Forty-three percent of energy leaders say their investment in energy efficiency next year is projected to be more than it was last year, according to survey results recently released by Schneider Electric. Twenty-two percent said their projected investment would stay the same, and 10 percent reported their investment would be less than last year.
The survey, conducted in June at Schneider Electric’s Xperience Efficiency events in Washington, D.C. and Dallas, includes responses from 369 leaders in energy efficiency from business and government sectors.
The survey also looked at what drives energy management investment decisions. Some 64 percent of respondents reported energy cost savings as the biggest driver. Government incentives came in second with 10 percent, followed by government policies and industry standards with 8 percent, executive mandate with 6 percent and brand image with 5 percent.
The majority of respondents, 63 percent, reported they had invested in energy efficiency programs in the past 12 months.
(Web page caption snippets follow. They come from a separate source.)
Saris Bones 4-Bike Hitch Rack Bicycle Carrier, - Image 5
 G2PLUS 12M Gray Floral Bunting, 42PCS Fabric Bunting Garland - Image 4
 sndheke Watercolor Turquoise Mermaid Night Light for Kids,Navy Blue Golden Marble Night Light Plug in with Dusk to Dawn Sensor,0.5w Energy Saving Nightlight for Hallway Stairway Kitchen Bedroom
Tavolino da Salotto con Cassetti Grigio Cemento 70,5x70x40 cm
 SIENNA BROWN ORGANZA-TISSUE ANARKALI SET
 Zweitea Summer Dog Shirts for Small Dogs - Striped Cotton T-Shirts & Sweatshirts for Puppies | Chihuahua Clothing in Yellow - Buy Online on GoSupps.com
Specifically, the two most common energy management practices that respondents’ organizations have adopted in the past 12 months were tracking and analyzing data (29 percent) and energy audits (also 29 percent).
The respondents also shared their thoughts on which energy management approaches will take hold in the next five years, predicting that building automation (24 percent), efficient lighting (21 percent) and data center efficiency (16 percent) would become the most popular.
Other significant survey findings include:
• 41 percent of respondents cited tax credits or incentives as the energy policy that has had the greatest impact on improving energy efficiency in their organization.
• 60 percent of respondents said that they have someone in their organization responsible for energy management.